Un juge français a écarté l’application de la loi Informatique, Fichiers et Libertés du 6 janvier 1978 pour appliquer la loi californienne à Google Inc., au motif que le lieu du fait générateur du dommage allégué était la Californie, lieu de l’archivage des messages à caractère personnel dont la suppression était demandée.

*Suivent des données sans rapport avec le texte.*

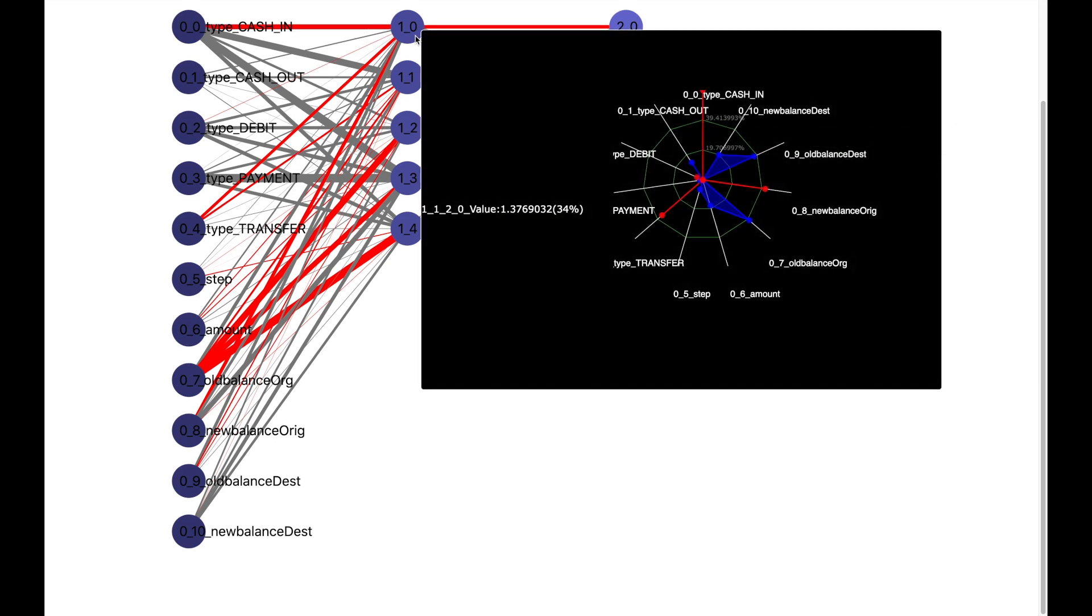You see a radar chart for different fields in the data. A blue line indicates a high value and a red line indicates a low value. The radar chart here indicates a high but almost similar old and new balance at the origin. However, a very big difference between old and new balances at the destination.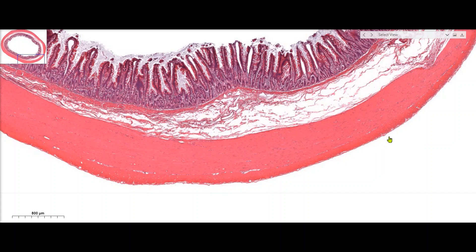The outermost layer, which isn't shown on this particular specimen, would be the serosa. The serosa is essentially a layer of epithelium that overlies a layer of loose connective tissue, and we find the serosa on gastrointestinal tract organs located down in the abdomen.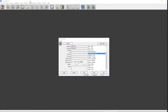Welcome to a Gendex video training series that demonstrates the functionality of Vixwin Platinum 3.5 imaging software. This tutorial will show you how to capture digital images into a predefined mount. Let's open Vixwin by double-clicking on its desktop icon.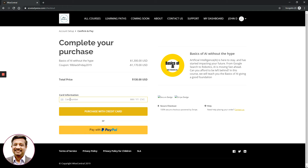Now you can enter your credit card information to complete the purchase. For this demo, I am typing a fictitious 16-digit card number for illustration purposes only — please enter your own correct credit card details. The card number is showing in red because it is a fake card used only for demonstration. Enter your correct card number, the month and year of expiration, and the CVC number, then click 'Purchase with Credit Card' to immediately start accessing the course.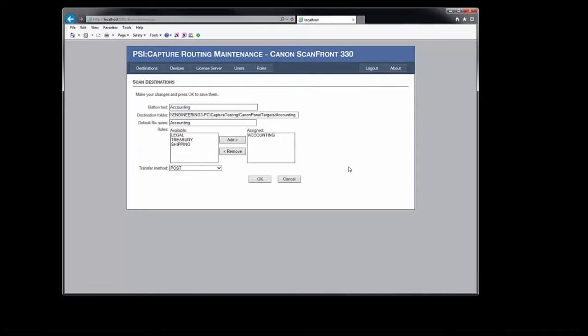Here we see the screen for both editing and adding panel buttons. First we have the button text, which is the text the scan operator will see on the panel button. Next we have the destination folder, which is the target location for all documents scanned for this location. We're using the post-transfer method, which means the panel will copy files directly to this location. The directory we have assigned for this button is a shared directory on the network and must be specified in UNC format.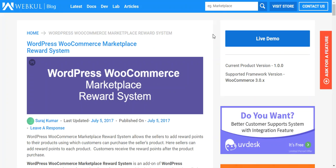Hello friends, welcome to the video tutorial of WordPress WooCommerce Marketplace Reward System plugin. With the help of this plugin, the store owner or the admin of the marketplace can provide functionality to the seller so that he can add or provide rewards on the basis of product purchase to customers. There are various other ways to provide reward points as well — including product purchase, product review, and new user registration.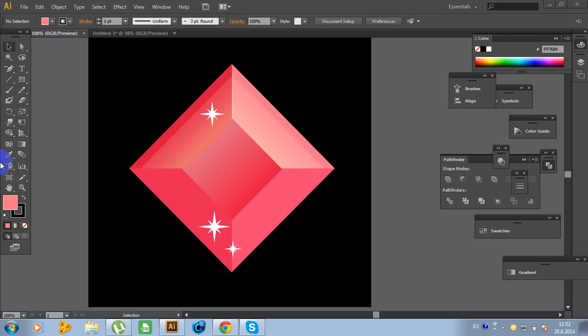Hello guys, welcome to another tutorial of Project Designing. Today I am going to show you how to design this realistic ruby in Adobe Illustrator. So let's get started.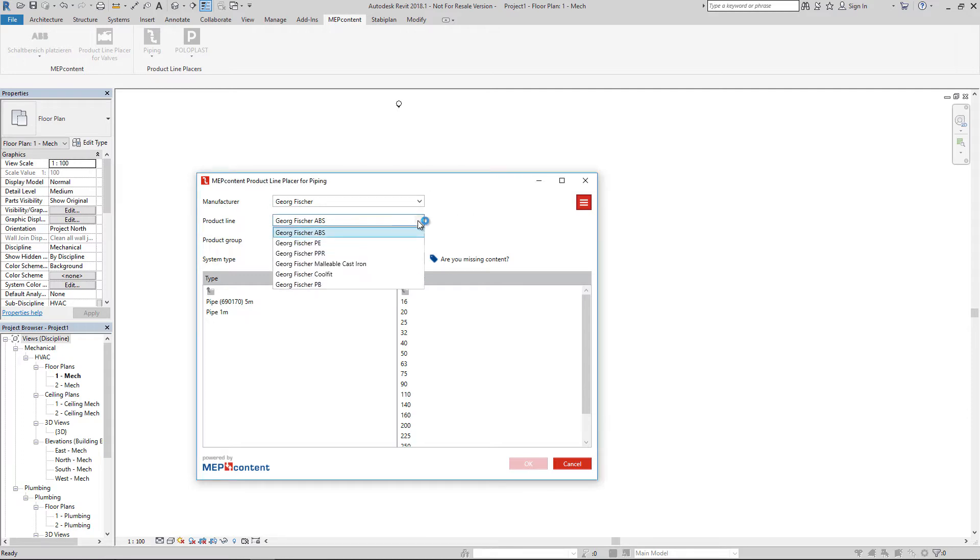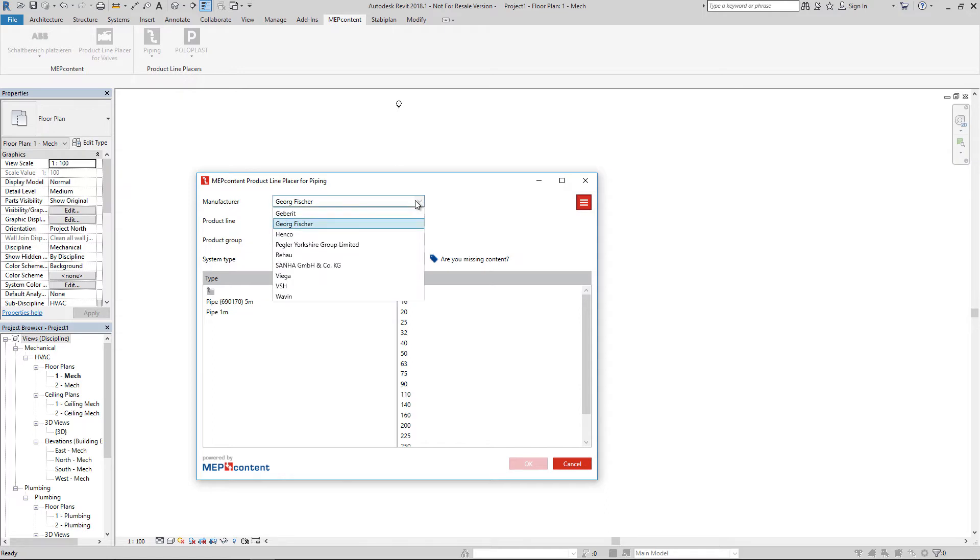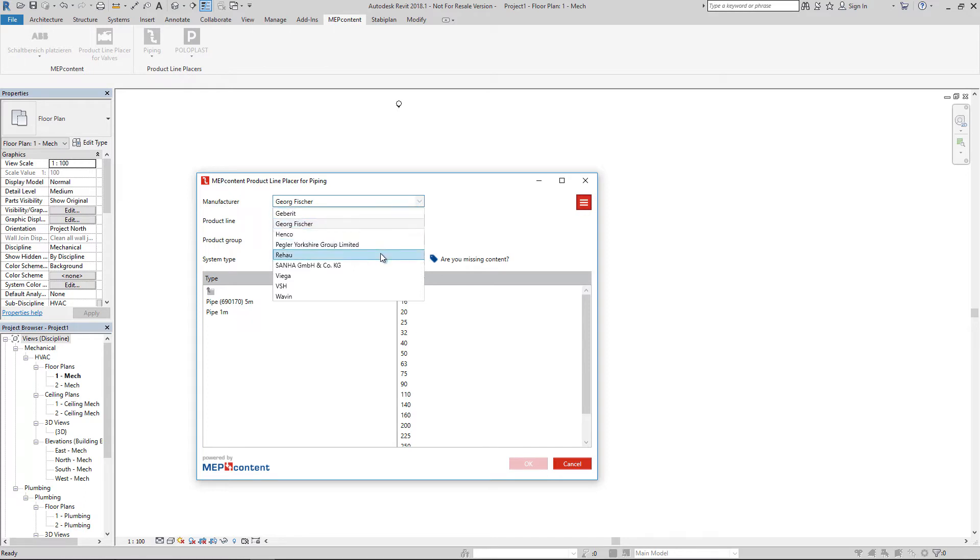These ones. When you upgrade to the full version of the MapContent Product Line Placer for Piping, you also have access to Geberit, Henco, Packler Yorkshire, Rehau, Sana, Viga, VSH, and Wavin.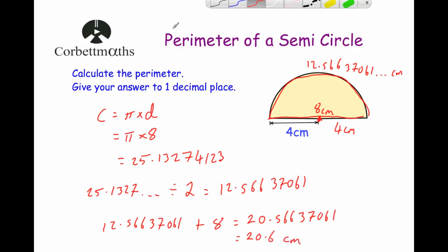So to find the perimeter of a semicircle: find the diameter of the whole circle, times that by pi to get the circumference of the whole circle, then half that to get the length of the arc, and then just add on the length of the base. And that's it.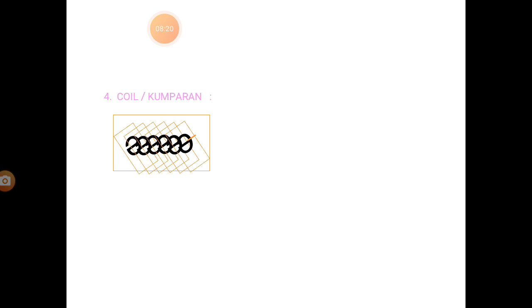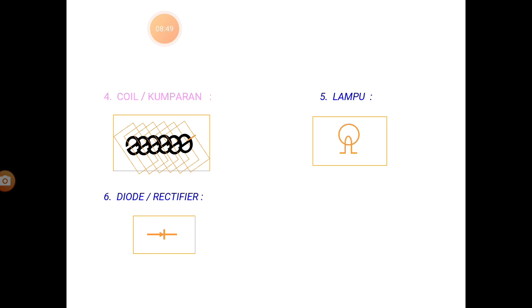Selanjutnya, koil atau kumparan. Ini seperti sepul gulungan, gulungan untuk di sekumparan. Yang berikutnya, simbol lampu. Terus selanjutnya, simbol dioda. Simbol dioda biasanya untuk menyearahkan arus.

Certaines décisions jurisprudentielles mériteraient un traitement médiatique différent, en dehors de cette exigence de célérité largement répandue sur l'Internet ou dans la Presse. La décision du TGI de Paris statuant en référé le 14 avril 2008 en fait partie et mérite que l'internaute s'y intéresse et y réfléchisse tant elle remet en cause les pratiques du géant américain Google en terme de vie privée.

Les faits

Rappelons ici les termes de cette affaire : Madame Bénédicte S. demandait au tribunal de constater - au vu de l'article 8 de la Charte des  Droits Fondamentaux, de la Loi Informatique et Libertés, de l'article 3 du Code civil et de l'article 809 du Code de procédure civile :

-          que l'archivage des messages publiés par Madame Bénédicte S. sur les forums Usenet du service Google Groupes soit contraire aux dispositions des articles 6 et 7 de la Loi Informatique et Libertés ;

-          qu'en ne répondant pas aux demandes de suppression de ces messages, Google Inc et Google France ont violé les dispositions de l'article 38 de la Loi Informatique et Libertés sur le droit d'opposition.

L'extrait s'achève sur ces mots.